START EXERCISE DATA

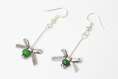 Boucles d'oreille nœud et perle en bois vert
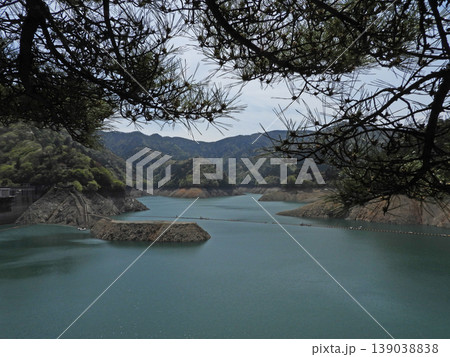 新緑の奥多摩湖 新緑の奥多摩湖 139038838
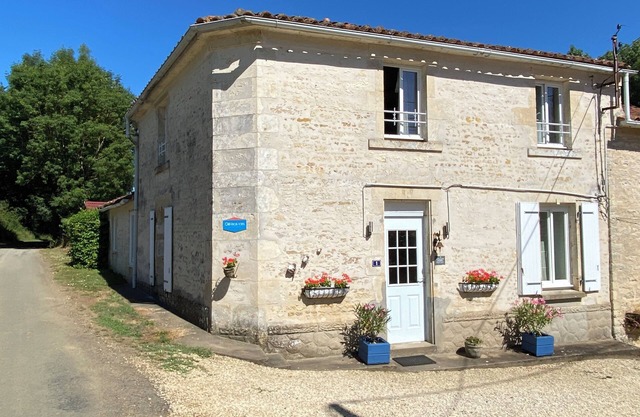 Le Gîte au Coin des Abeilles - Lovely rural three bedroom stone gîte with pool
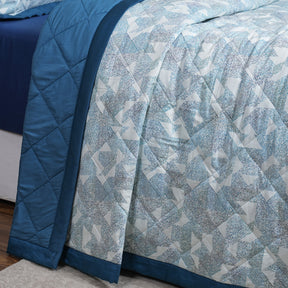 Eclectic Geo Triangle Blue 8pcs Quilt/Quilted Bed Cover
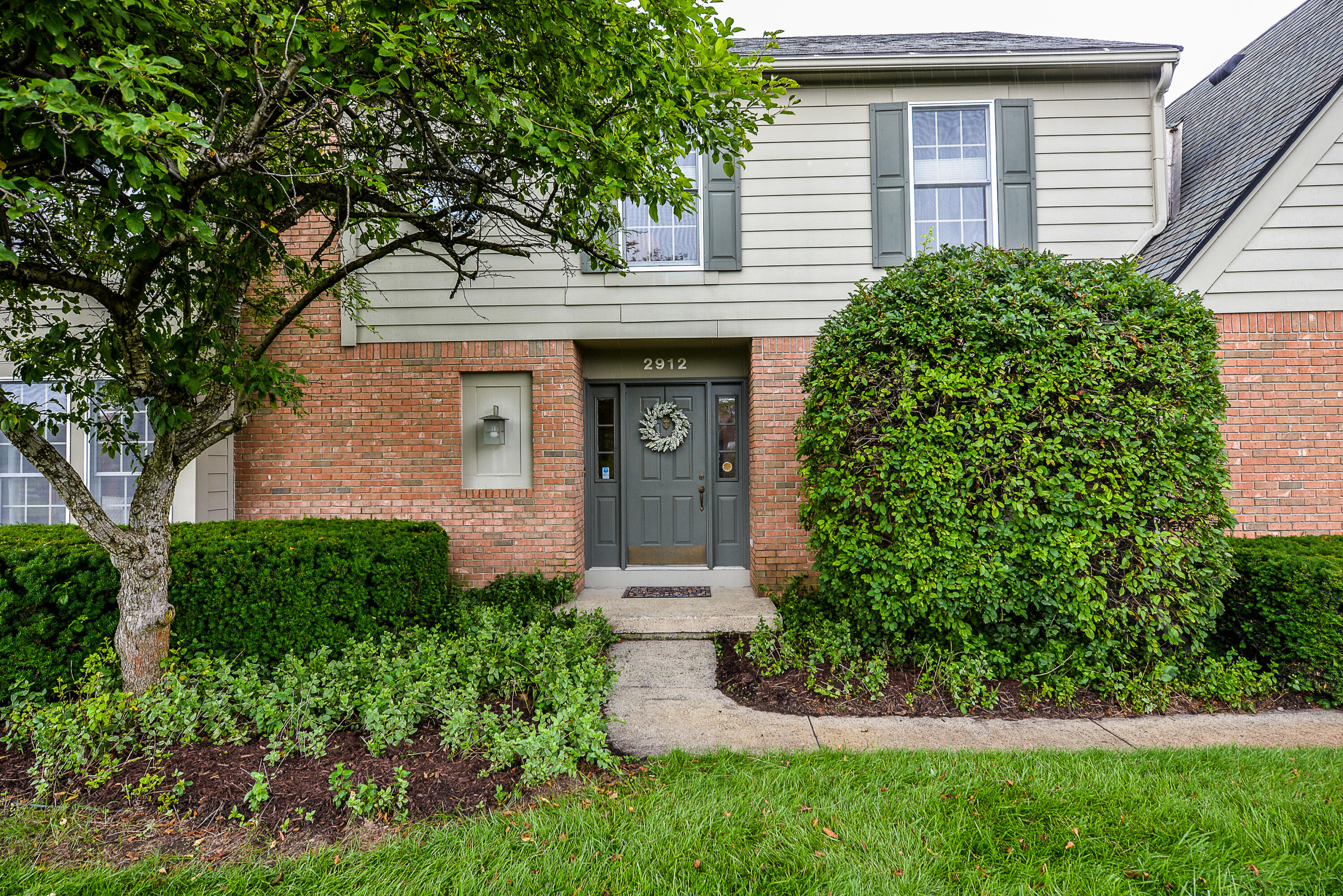 2912 Robal Court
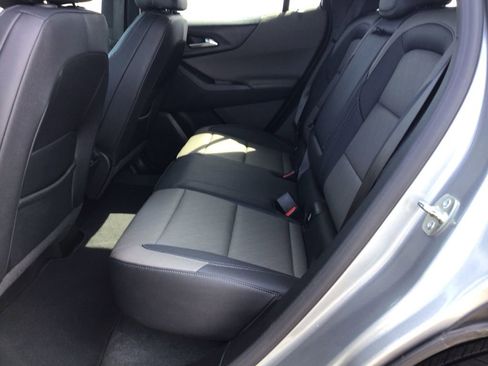 Used 2025 Chevrolet Equinox LT w/ Convenience Package II AWD/4WD image 10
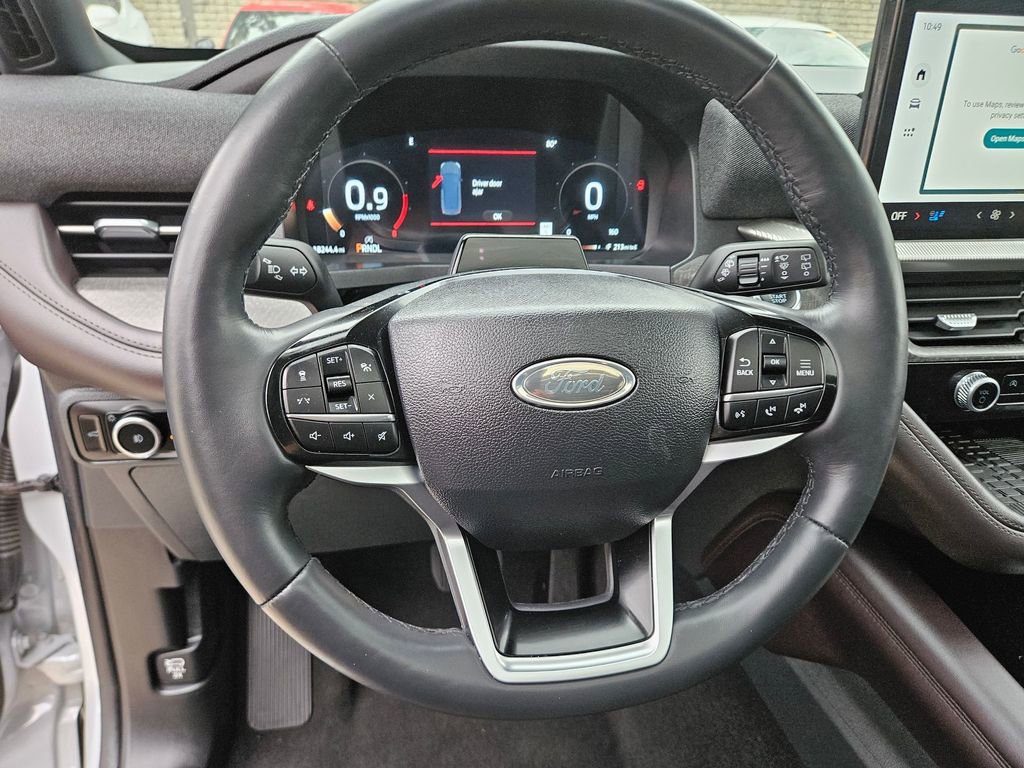 Used 2025 Ford Explorer Platinum w/ LUX Leather Package AWD/4WD image 18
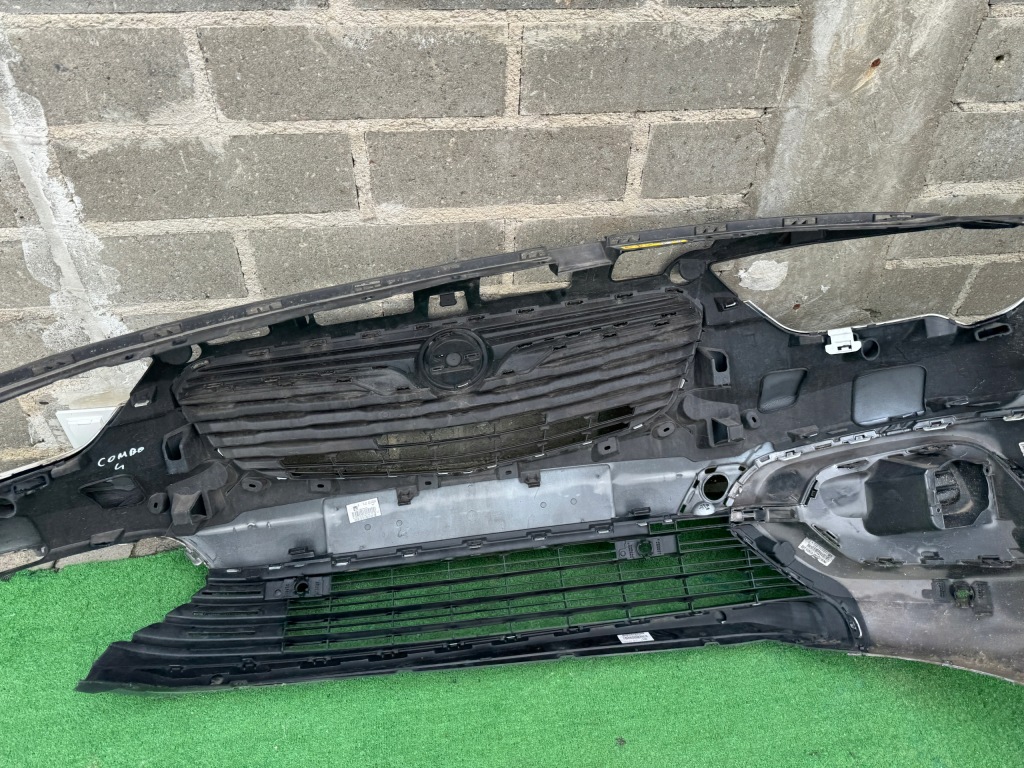 фото №8, Opel combo e решітка радіатора пасажирський бампер передній org eu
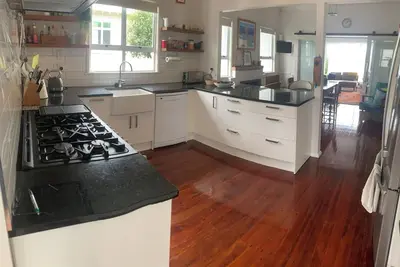 Image de Ideally located for access to town, shops restaurants schools and hospital.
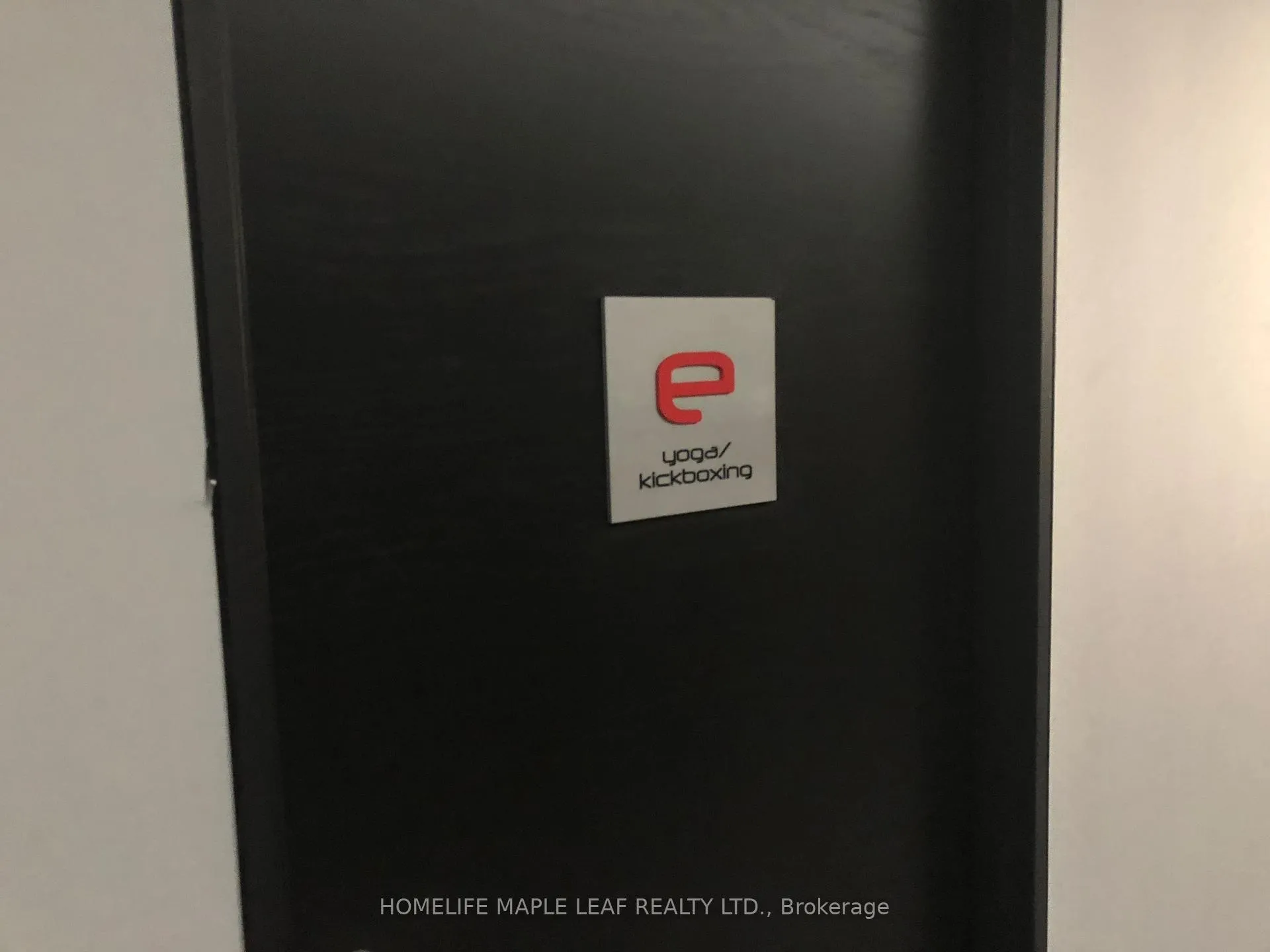 Photo 11 of Unit 1506, 8 Eglinton Avenue E, Toronto, Mount Pleasant West — HOMEH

END EXERCISE DATA

Retype, exactly and only, the lines from the one containing "Used 2025 Ford" through the end of the entries, both ends included, and omit all pictures.

_EXPECTED OUTPUT:_
 Used 2025 Ford Explorer Platinum w/ LUX Leather Package AWD/4WD image 18
 фото №8, Opel combo e решітка радіатора пасажирський бампер передній org eu
 Image de Ideally located for access to town, shops restaurants schools and hospital.
 Photo 11 of Unit 1506, 8 Eglinton Avenue E, Toronto, Mount Pleasant West — HOMEH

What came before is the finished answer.